I'm not so sure about this one.

This deadline, I mean. I'm not feeling any widespread "fire sale" vibes.

And "fire sale vibes" are what my fantasy radar historically detects by Tuesday a.m. of NBA trade deadline week. And you need that first fire sale to set the others in motion. And that's what rocks valuation in Fantasyland at the deadline.

In the age of the Play-In and flattened Lottery odds, there's never been less incentive to make irrational moves in pursuit of long-term hope.

Because here's the thing: I think GMs have finally figured out what I bitterly computed a decade ago. Unless you're operating in one of the four-to-five destination cities in the NBA... cap space is worthless. A panacea inside of a myth... like the Rookie Wall, vegan cupcakes and the second season of The Wire.

If you're not in New York (all boroughs), Los Angeles, Miami, Atlanta or what I refer to as "The Shire of Golden State"? Super-duper-star is not coming through that door.

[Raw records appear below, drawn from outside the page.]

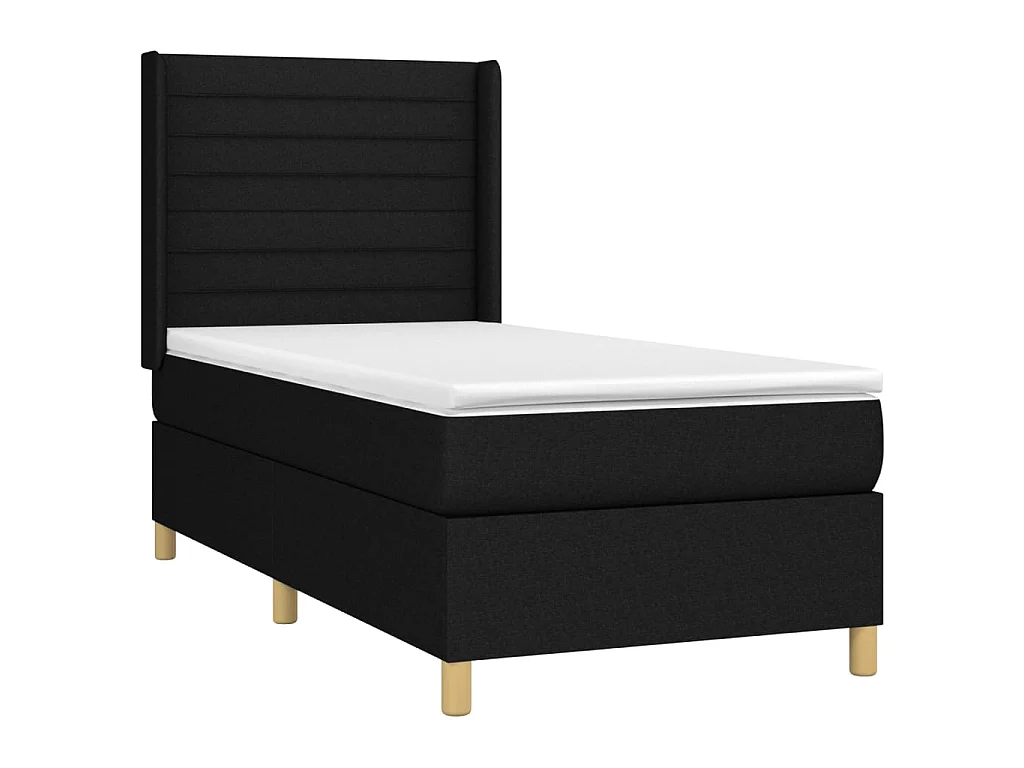 Boxspringbett mit Matratze,Bett für Schlafzimmer Schwarz 80x200 cm Stoff -CFW11251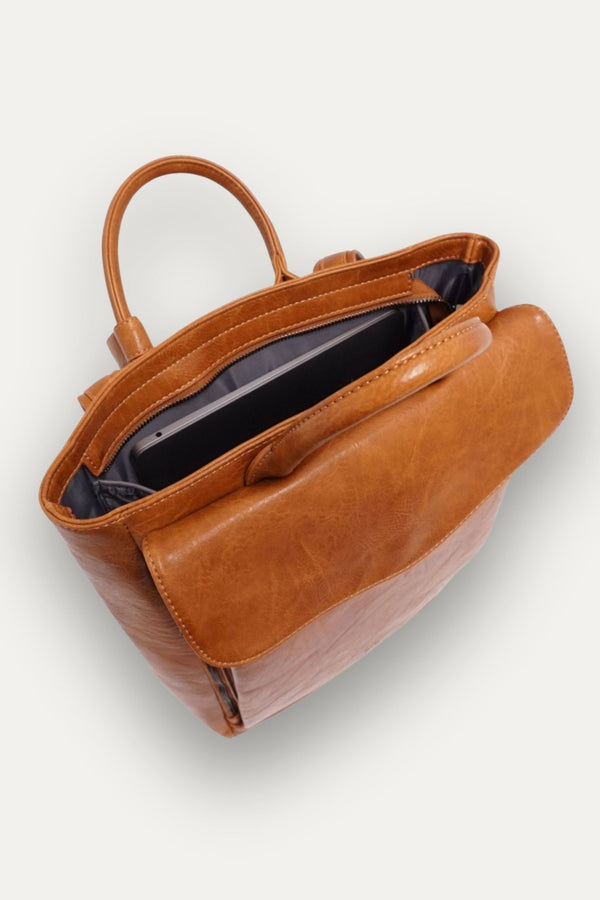 Evie Laptop Backpack Crossbody Flap Front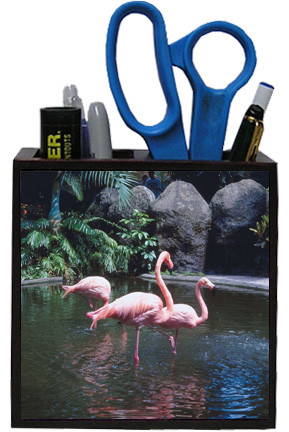 Flamingo Wooden Pencil Holder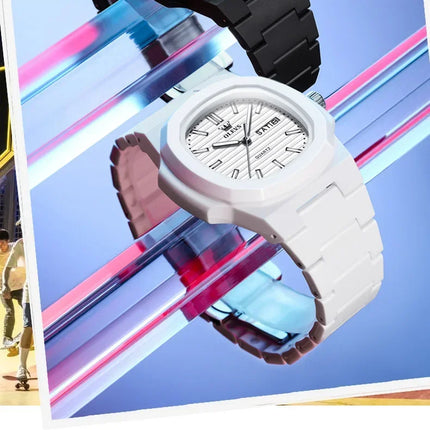 OLEVS Fashion Youth Watch Waterproof Date Week Luminous Watch for Unisex White Resin Men's Quartz Watches Student reloj hombre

Let's focus on the semi-tactile. Inoculate our fantasy minds from deadline anxiety and panic moves. Let's do what I do with my progeny to help deal with the Sunday Scaries: make a list of navigational rules for the sea of short-term anxiety that lies ahead.

1. The ramifications of the predictably unpredictable -- the most recent Kyrie Irving Event -- are already 75% contained/assessed.

It's over! Kyrie Irving has had his deadline moment. It's as if Vesuvius decided to erupt in 78 AD instead of 79 AD. And again, the real, tactile, long-term fantasy ramifications are already 75% contained.

But whatever you do?

2. Don't be bamboozled by Brooklyn's deep-fake box scores this week.

Unless Spencer Dinwiddie is flipped to another team or Kevin Durant is (improbably) dealt? Don't let yourself get all-consumed by Cam Thomas' Kyrie cosplay. His past two games? Those 91 dopamine-saturated points? The 52 field goal attempts? The 11 3s?

A Usage Rate comet. Summer League in February. It will be all over by All-Star Weekend.

Don Nelson spent three decades proving that if you give any NBA/D-League/G-League shooting guard 35 minutes, a high pace, an everlasting green light, and a Usage Rate over 40...you will produce a Cam Thomas-type effect.

And the world needs dreamers. If this was the Nets roster for the duration? I'd be beyond bullish on the numbers in the Nets' Feb. 6 box score.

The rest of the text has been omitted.